BIA: NTA stops time for cancellation of removal only if it’s used to launch removal proceedings
The BIA recently returned to a critical and deceptively complicated part of cancellation of removal, the stop-time rule, with a fairly narrow but important decision. Matter of Ordaz, 26 I&N Dec. 637 (BIA 2015).
Migrants are eligible for relief from removal if they can meet certain durational requirements, among other criteria. Lawful permanent residents must be able to show that they have continuously resided in the United States for at least seven years. INA § 240A(a)(2). Other migrants must show that they have been continuously physically present in the United States for at least ten years. INA § 240A(b)(1)(A).
Both requirements are subject to the stop-time rule found at INA § 240A(d)(1). As I explain in my book Crimmigration Law (available here), “At its simplest, the stop-time rule identifies the moment at which the continuous residence required to receive cancellation for LPRs and the continuous physical presence required to obtain cancellation for non-LPRs ends.” It is, therefore, a highly important feature of cancellation eligibility.

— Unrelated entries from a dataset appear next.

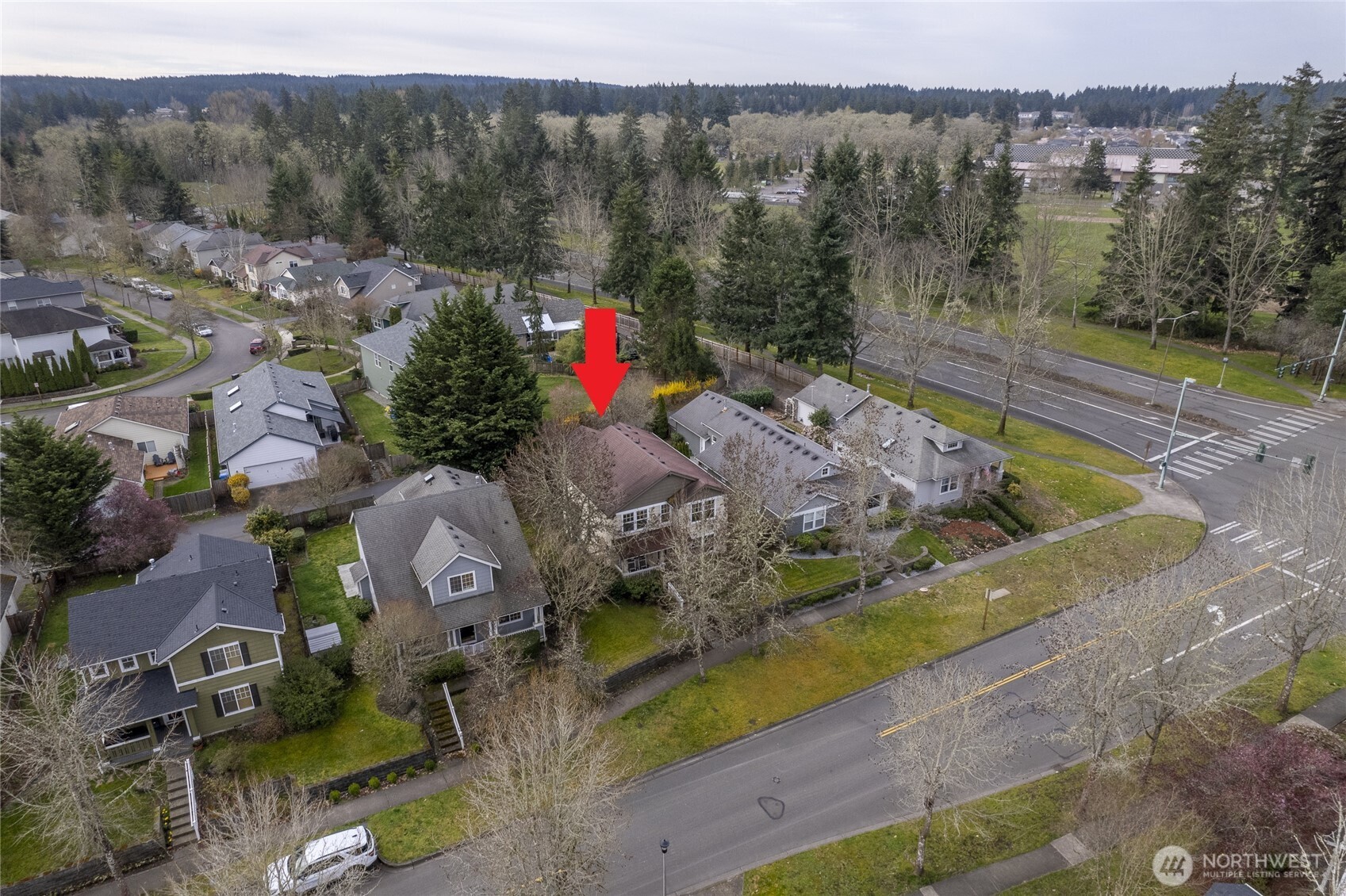 2279 Palisade Blvd , Dupont, WA 98327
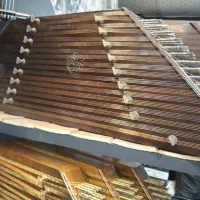 سنتور|سازهای سنتی|تهران, نازی‌آباد|دیوار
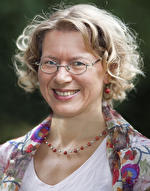 Dr. Elke Fein (AfD)
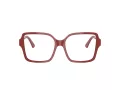 Jimmy Choo Silmalasit JC 3027 5013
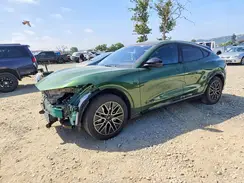 3FMTK3R4XRMA34712 2024 FORD MUSTANG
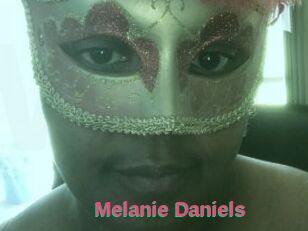 Melanie_Daniels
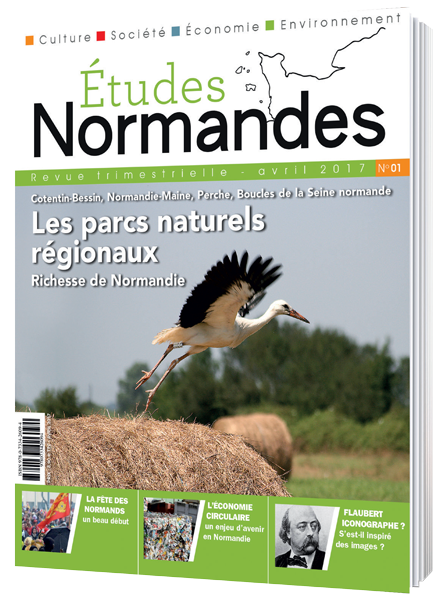 etudes_normandes_avril2017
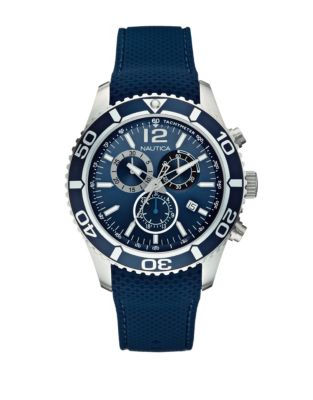 hudson bay smart watch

In Matter of Ordaz, the BIA was faced with a situation in which a migrant who is not an LPR entered the United States in 1990 and was served with an NTA in 1998. The NTA, however, was never filed with the immigration court, thus removal proceedings never started. 26 I&N Dec. at 637-38. The immigration judge took the position that the NTA’s 1998 service date triggered the stop-time rule, thus the migrant didn’t accrue the required ten years continuous physical presence. Id. at 638.
The Board disagreed. It was not persuaded by the federal government’s argument that the stop time rule is triggered by service of any NTA because the statute references service of “a” NTA as opposed to “the” NTA that is the basis of the removal proceedings. Id. at 639. Such an interpretation, the Board concluded, would allow the stop-time rule to be triggered by an invalid NTA. Congress could not have intended that, the Board determined. Id. at 640.
Consequently, the Board held that an NTA does not trigger the stop-time rule if it was served on a migrant “but was never used to commence proceedings.” Id. at 643. A narrow, but important outcome.